# FRA is pissed off at MNRR



## jis (Dec 4, 2013)

See this letter from FRA:

http://www.subchat.com/read.asp?Id=1262259

Needs no further explanation....


----------



## Ryan (Dec 4, 2013)

Well now, how about that.

I've rehosted the letter:


----------



## afigg (Dec 4, 2013)

jis said:


> See this letter from FRA:


Not the sort of letter you see very often from a federal regulator to one of the agencies or companies they oversee. Putting the MTA and MNRR on notice.


----------



## NW cannonball (Dec 4, 2013)

afigg said:


> jis said:
> 
> 
> > See this letter from FRA:
> ...


Putting the MTA and MNRR on notice - heh -

And -- diverting blame from the FRA - an admittedly underfunded and toothless regulator.

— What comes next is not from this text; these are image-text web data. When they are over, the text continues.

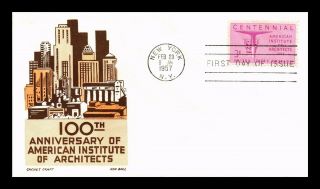 Dr Jim Stamps Us 100 Years American Institute Architects Fdc Cover Scott 1089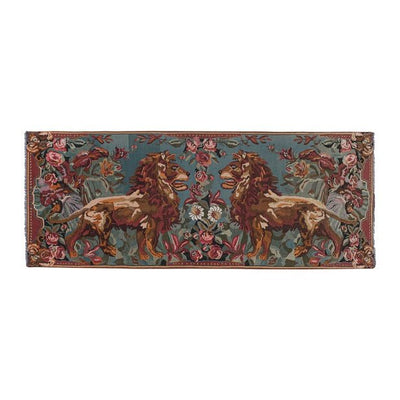 1970s Vintage Double Lion Motif Kilim Rug 6'9'' X 16'11''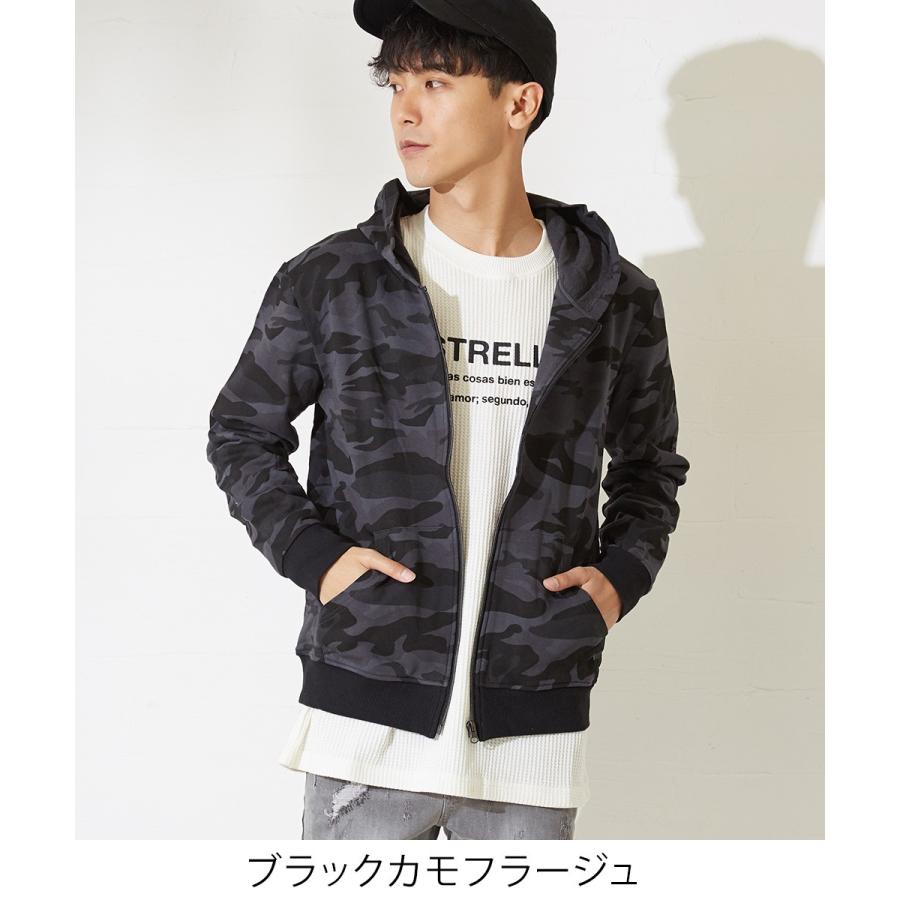 パーカー メンズ パーカ ジップアップ 長袖 無地 スウェットパーカー ボーダー ZIP トップス | improves | 14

Don't buy the *expense* excuse - for either FRA or MNNR - please think, please.

What would it cost to have a second well-paid person calling signals - $100/hr? Divide by the number of passengers - that would be about a dime per trip per passenger - very roughly.

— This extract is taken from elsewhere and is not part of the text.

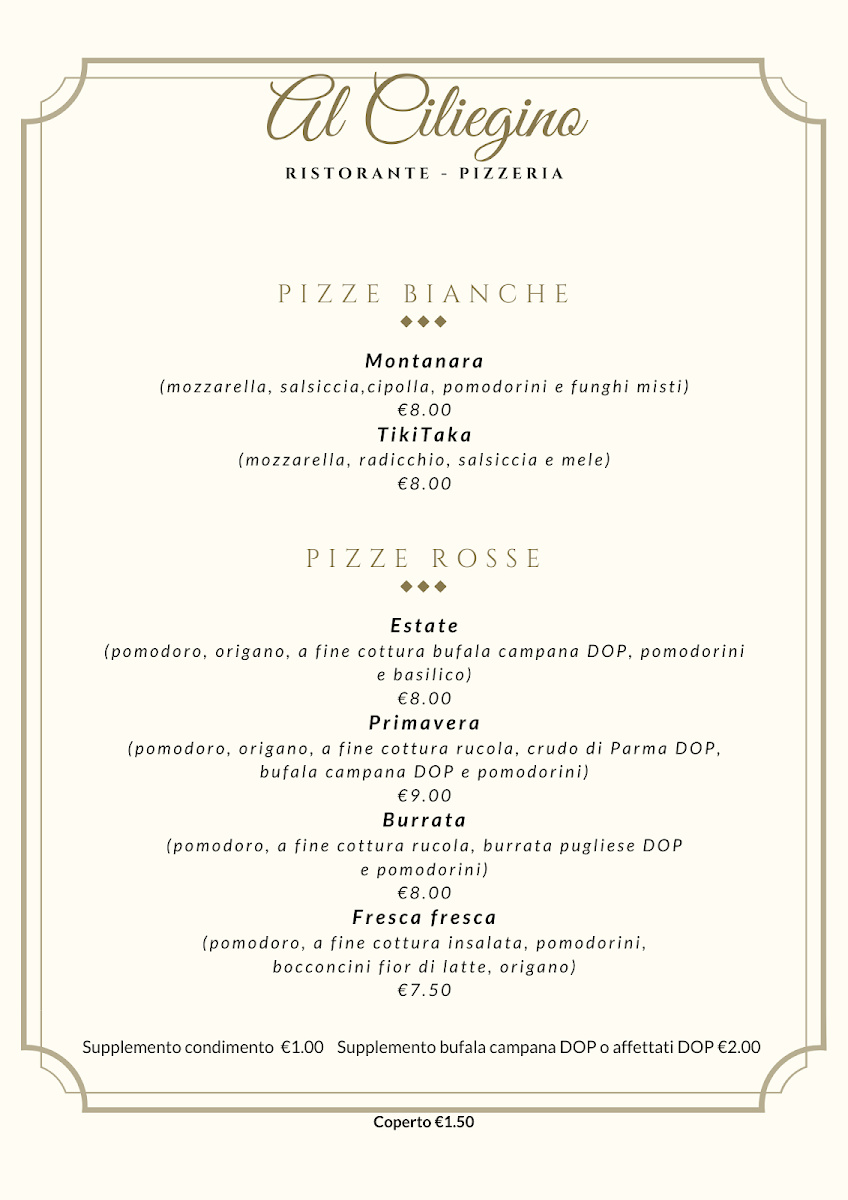 Al Ciliegino Ristorante Pizzeria Photo Menu 10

Installing "PTC" or "ATC" or "ASES" might cost hundreds of millions - oh my. But divide by the number of passengers and the years of benefit -- dirt cheap. Basically zero up to a dime per passenger.

The technology is mostly "off the shelf". Integrating with ancient infrastructure raises the cost.

I'll be happy to see our infrastructure upgraded to 20th Century standards. May not happen until 22d Century.


----------



## Ryan (Dec 4, 2013)

In the long run (which is what we should be considering), people are expensive and fallible. Automated systems are much better and don't require health care and pensions.


----------



## NW cannonball (Dec 4, 2013)

RyanS said:


> In the long run (which is what we should be considering), people are expensive and fallible. Automated systems are much better and don't require health care and pensions.


In the long run - yeah - you and me are expensive and fallible. Automated systems are designed, built, and implemented by - hehe - expensive, fallible humans. Expensive fallible humans pay the fare. Sometimes, expensive fallible systems built by expensive fallible humans -- fail. Not all that simple.


----------



## jis (Dec 4, 2013)

Bu they at least don't fall asleep  unless provided by Micro$oft of course. Then all bets are off


----------



## Nathanael (Dec 5, 2013)

If you get the right designer, you can design an automated system which is very reliable. Expensive, and falliable, but with the right designer, not very falliable, and you only pay the cost once...

On the other hand, if you do a half-assed job on the design... :eyeroll:


----------